Two weeks ago, I wrote a story for the Los Alamos Daily Post outlining the Governor’s damaging vetoes to the state budget and the actions that the legislature could take to remedy those cuts, including a lawsuit challenging the constitutionality of the vetoes.

This week the New Mexico Supreme Court has agreed to take up the petition from the legislature, challenging the Governor’s vetoes. A hearing is scheduled for May 15.

In the meantime, legislators from both the House and Senate are signing on to call themselves back into an extraordinary session to deal with this crisis. However, it is unclear at this time whether or not the required votes are there, which would take a three fifths majority of both chambers.

While those actions continue to play themselves out over the next few weeks, I have returned to providing a legislative wrap up of what occurred during the last legislative session. This week’s installment will focus on those important pieces of legislation that I carried this session, but were unsuccessful.

As many of you may remember, one of our own was attacked by a mother bear last year when running a race in the Jemez Mountains. Karen Williams, Los Alamos resident, awoke from her ordeal only to find that the mother bear had been destroyed as dictated by current rabies procedure. She and I both began a legislative attempt to mandate that the Game and Fish commission employ a more humane approach towards wildlife/human interactions in the form of House Bill 109. 

It called for a multi-prong approach to responding to a perceived incidence of rabies that was endorsed by medical personnel who treat rabies on a daily basis. Unfortunately, despite Karen’s great work on convening rabies and wildlife experts to testify in committee, HB 109 did not make it out of its first hearing.
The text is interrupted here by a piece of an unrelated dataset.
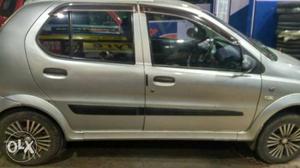  Tata Indica V2 Turbo diesel 1 Kms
We did however begin a conversation about treatment of wildlife that I believe we can continue with the Game and Fish commission even into the next administration to encourage wildlife management individuals to look to other states for best practices in the way that they respond to wildlife.
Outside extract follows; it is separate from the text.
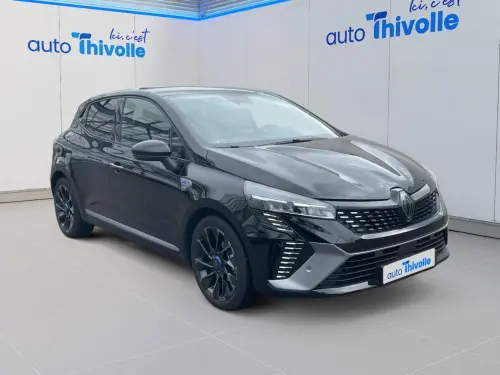 Renault Clio Clio TCe 90 ch GSR2 Esprit Alpine - Photo 6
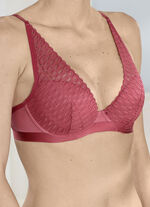 Triumph Aura Spotlight B&uuml;gel-BH mit gepolsterten Cups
We will continue to urge the commission to incorporate these methods into their regulations.   Very often, this is the result of good legislation, it begins a dialogue that results in changes that in the end do not need a legislative solution.
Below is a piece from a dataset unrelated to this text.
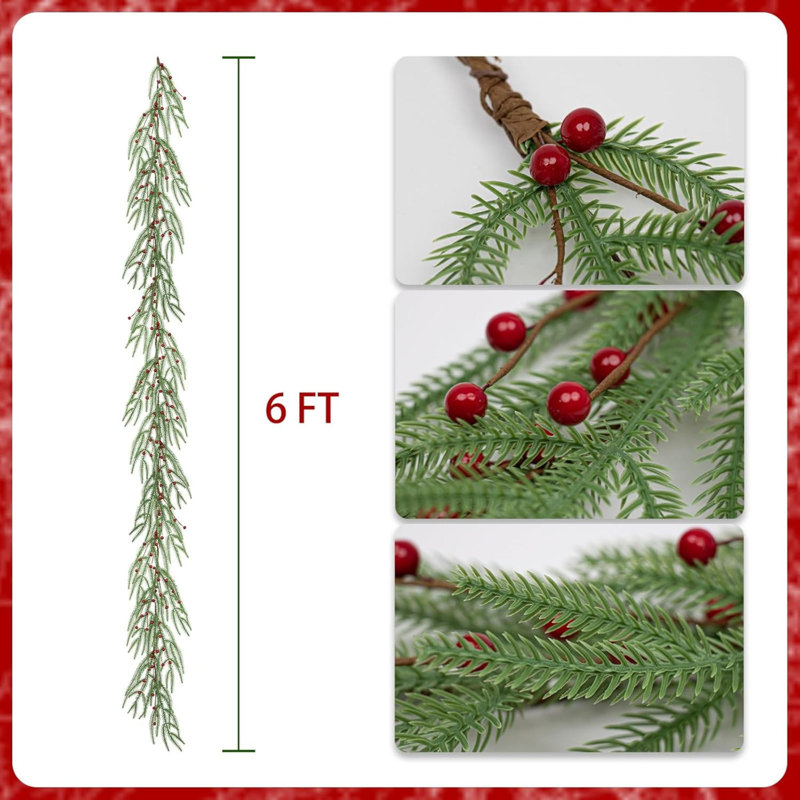 Guirlande Christmas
Another bill I carried dealt with public safety. As folks may recall, over the years I have carried and passed a number of bills dealing with domestic violence issues. When I was a college student, I would work summers as a manager of a women’s shelter and saw firsthand the devastation and terror that domestic violence caused families and children. Throughout the past decade, New Mexico has ranked in the top three in the nation for the number of deaths in our state due to domestic violence.

In addition, analyses of domestic violence statistics finds that firearms that are used in domestic violence related murders or attacks are, on average, purchased only seven days before the crime.

In New Mexico, most purchases of a firearm require the buyer to undergo a background check with the National Instant Criminal Background Check System (NICS) to ensure that the buyer is not an individual prohibited from owning a firearm.  However, guns listed for sale on the Internet, and gun shows do not require background checks. This means that an individual with a domestic violence conviction—who should be prohibited from purchasing a firearm–would be able to access one without a background check.

I carried House Bill 50 and 548 in an attempt to resolve this issue by requiring background checks on all purchases of firearms resulting from a public notice or at a gun show. The language of the bill underwent numerous edits in order to make it less burdensome on law abiding gun owners, and Los Alamos residents from the gun owning community suggested language that would preserve the original intention of the bill while not impeding on law abiding activities.  We made those suggested amendments, but in the end, we did not find consensus and the bill died in its second committee.

I believe that the work on the issue of domestic violence deaths in our state in important and will continue to pursue solutions.

Finally, I carried bills this session to give judges an alternative to interlock devices in DWI convictions (House Bill 49), allow voters registered as independents to vote in primaries (House Bill 206) and provide opportunities for homeschooled students to participate as teams in extracurricular activities (House Bill 270). These bills made it through various stages of the process—House Bill 270 making it all the way to the Senate floor! They were all important initiatives that I plan to continue working on.